The NVML does not return the correct strut for latest CUDA. #48

fostiropoulos · 2023-07-27T00:18:51Z

For my current system

| NVIDIA-SMI 535.54.03              Driver Version: 535.54.03    CUDA Version: 12.2     |

The processes running on cuda are read incorrectly. There is an additional size_t element when reading the strut that is not documented but when ignored causes the response to be malformed.

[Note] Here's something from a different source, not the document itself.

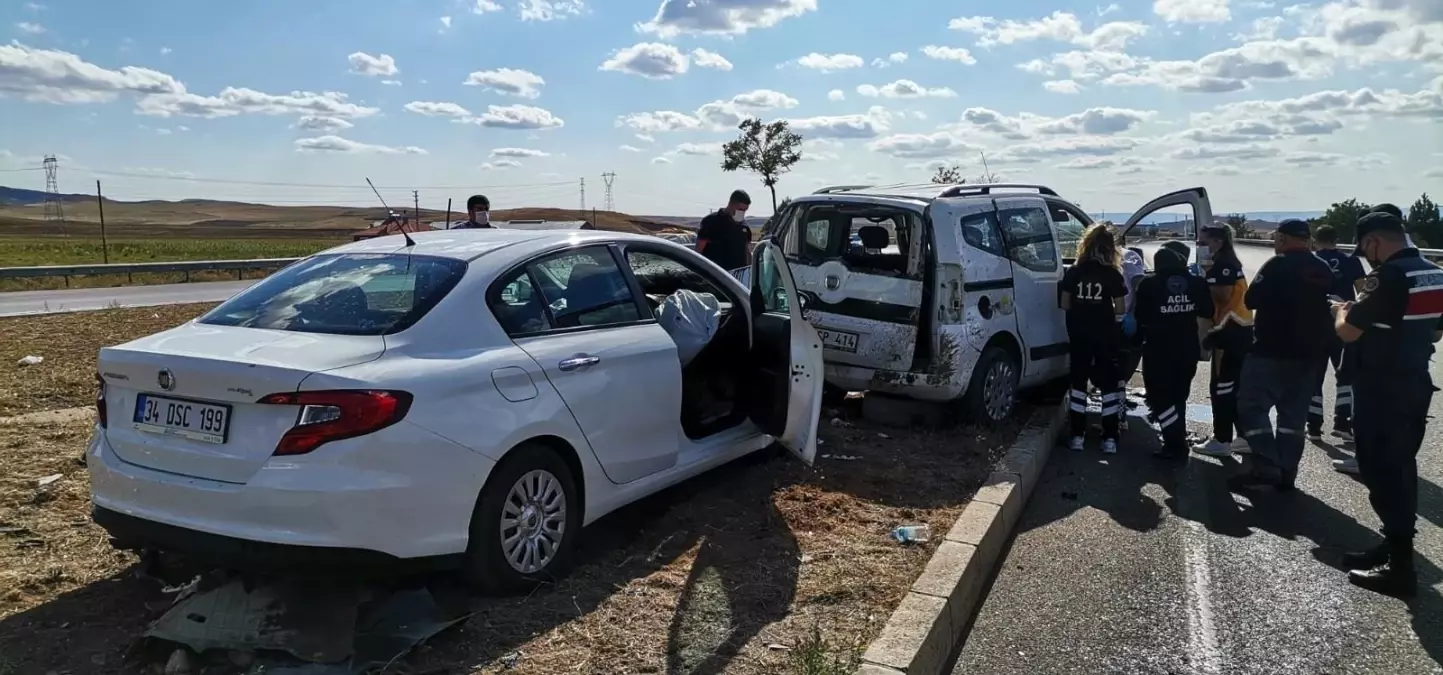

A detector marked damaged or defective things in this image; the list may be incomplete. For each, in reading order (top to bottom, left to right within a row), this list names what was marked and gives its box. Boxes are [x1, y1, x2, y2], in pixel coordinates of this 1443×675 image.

damaged minivan [764, 182, 1216, 426]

The following code illustrates the error:

from collections import namedtuple
from ctypes import *
import time

import pynvml
import ray
from pynvml.nvml import (
    _nvmlGetFunctionPointer,
    _PrintableStructure,
    nvmlDeviceGetComputeRunningProcesses,
)
import torch
import struct

Process = namedtuple(
    "Process", ["pid", "usedGpuMemory", "gpuInstanceId", "computeInstanceId"]
)


def _remote_fn():
    torch.randn(100).to("cuda")
    time.sleep(10)


def run_bug():
    pynvml.nvmlInit()
    handle = pynvml.nvmlDeviceGetHandleByIndex(0)
    # this initializes and creates an additional process (for added difficulty)
    a = torch.randn(100).to("cuda")
    for i in range(10):
        (
            ray.remote(
                num_gpus=0.001,
                num_cpus=0.001,
                max_calls=1,
                max_retries=0,
            )(_remote_fn)
            .options(name="x")
            .remote()
        )
    # wait for all processes to be allocated
    time.sleep(4)
    procs = nvmlDeviceGetComputeRunningProcesses(handle)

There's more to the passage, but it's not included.